On Thursday the transportation and interior ministries agreed to readjust a two-kilometer stretch of the highway, which would add 800 dunams for construction to the Arab town of Jisr al-Zarqa.
The rerouting means that land will be taken from Caesarea, Kibbutz Ma'agan Michael and Beit Hanania; residents of Beit Hanania are threatening to "leave their homes" if the decision is carried out.
Thursday's decision was made by Transportation Ministry Director-General Alex Langer and the director of the Interior Ministry's planning authority, Binat Schwartz.
The decision has been sent to the national infrastructure committee, which is reviewing plans to upgrade and expand the highway from the Netanya junction to the Zichron Yaakov junction. The plan will be finalized in another few months; the public will then have 30 days to submit objections.
Most of the land designated for annexation now belongs to Beit Hanania; smaller portions belong to two affluent communities, Caesarea and Ma'agan Michael.
It is expected that these Jewish communities, which belong to the Hof Hacarmel Regional Council, will file objections. Council officials said on Sunday they will respond to the rerouting decision once they receive a copy of it.
In August, deputy council head Modi Bracha said that if "the government decides to reroute the highway and annex land, I would think the residents would hire the best lawyers" to object to such a plan. Residents of Beit Hanania announced that if the plan goes through they would leave their homes and the region would be deserted.
"The proximity to Jisr al-Zarqa that will be created by this plan will cause our moshav to collapse," Beit Hanania official Aryeh Friedman told Haaretz in August.
"We're in favor of coexistence and peace, and though there are different ways of thinking, we do a lot of work for coexistence.

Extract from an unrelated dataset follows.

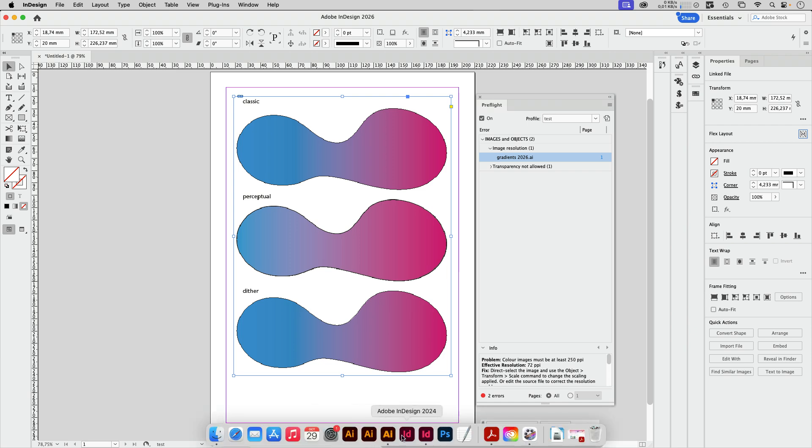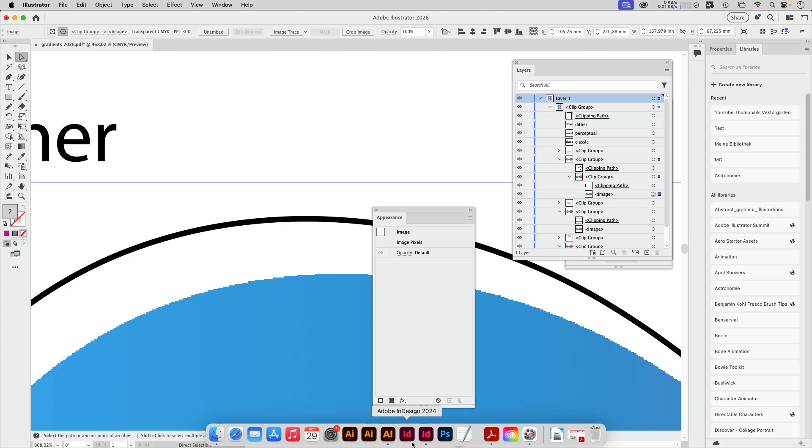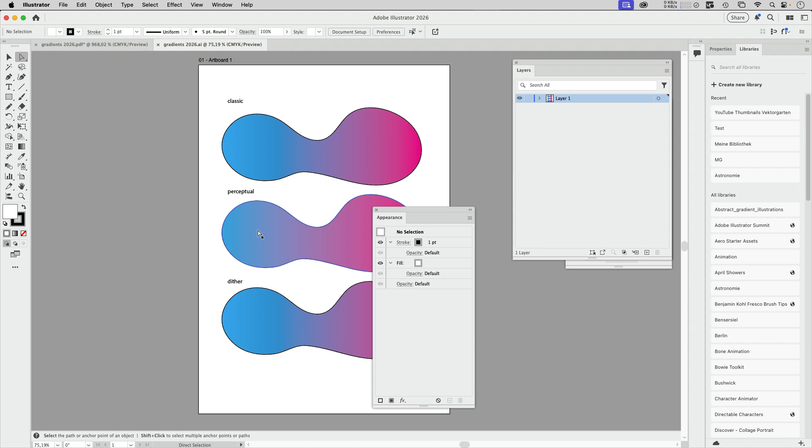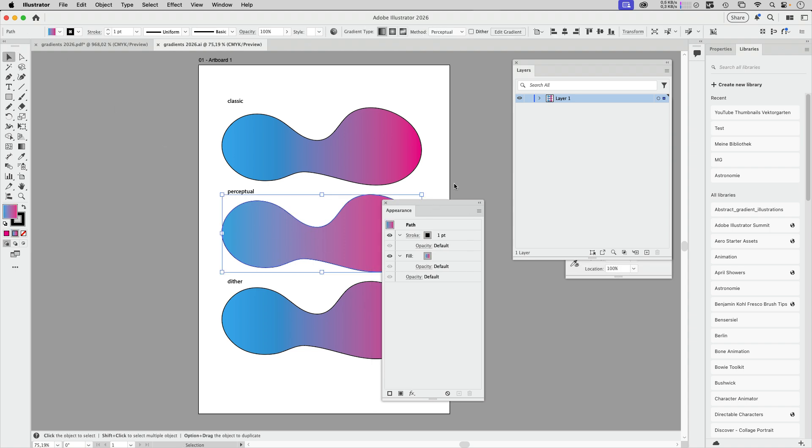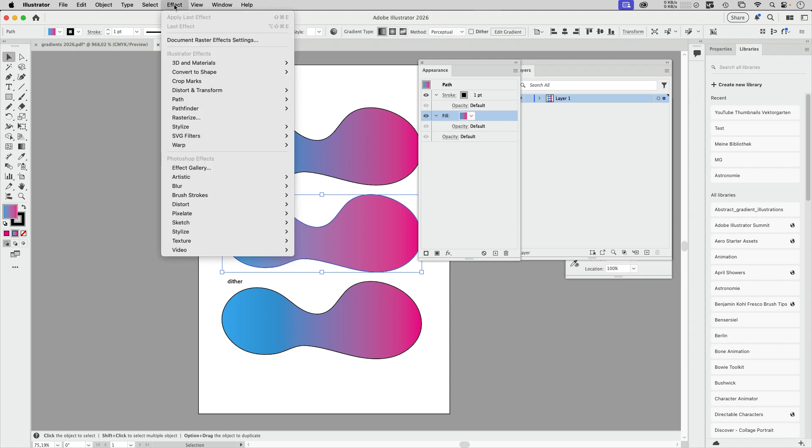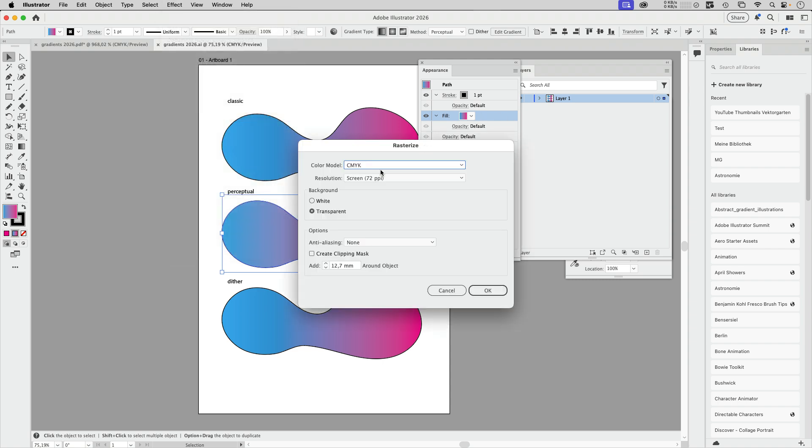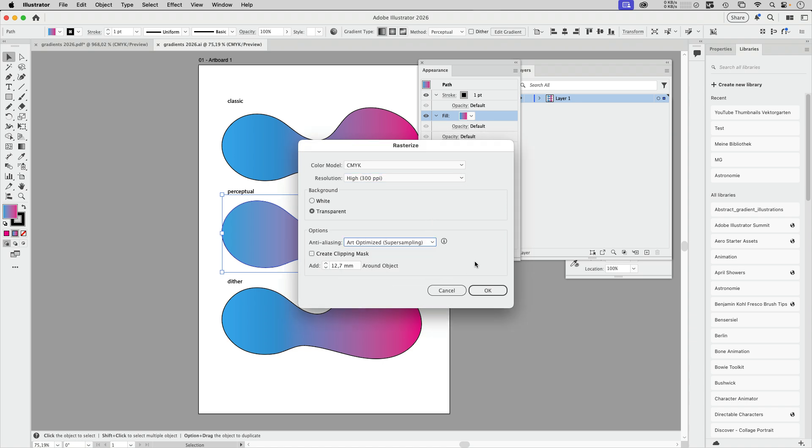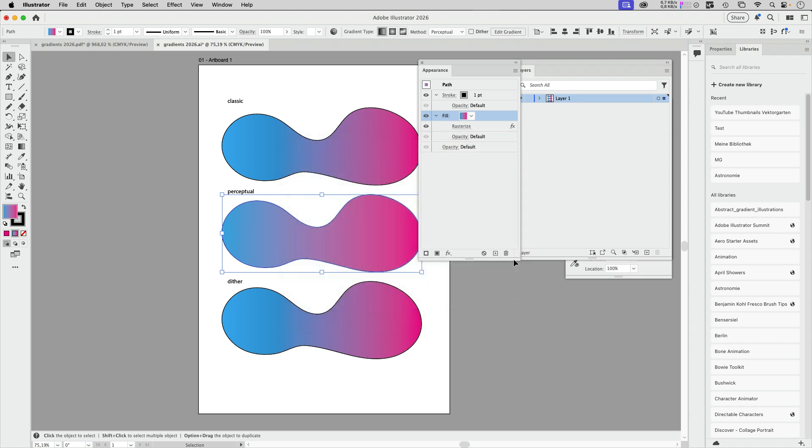Let's open the AI file again. Here we've got the perceptual. What we can do is go here and add the rasterize effect to the fill, just to the fill at 300 ppi of course. Let's have some anti-aliasing to that and also create a clipping mask. Let's go to OK and save that.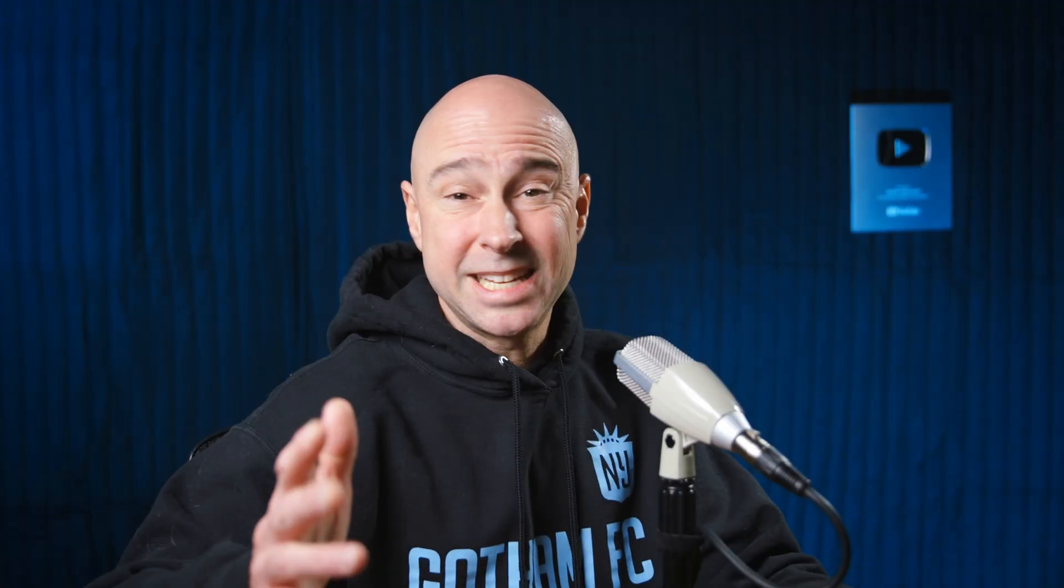I use those all the time, but instead of having to hunt through the menu and look for all these things every time, you could just go right to your favorites here. Boom. They're all there. Drag and drop, and you're going to be off and running on your project.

We don't oppose [the annexation plan] because they're Arabs. They're very good neighbors, and we don't have any dispute with them. The rerouting of Highway 2 will bring them here; meanwhile, our assets, both regarding real estate values and the quality of life, will be harmed."
Originally, the Transportation Ministry opposed the rerouting plan, which is expected to add hundreds of millions of shekels to the cost of upgrading the coastal highway.
Ministry officials and Jewish residents have proposed that the town be expanded on the other side of the highway, or that taller buildings be built in the town.
"We're thrilled with this decision," Jisr al-Zarqa Mayor Azadin Amash said Sunday. "We suffer from a huge shortage of land and public buildings for education and other purposes. And there's a glaring need for more land. After three years of discussions with the planning authority, officials there finally understand our needs. I hope the decision will be implemented as soon as possible."
Regarding possible objections to the plan, Amash said that "people have the right to object. I assume that some will object, but that won't help them. When officials decided to annex land to Or Akiva, residents from Binyamina complained to the High Court, to no avail."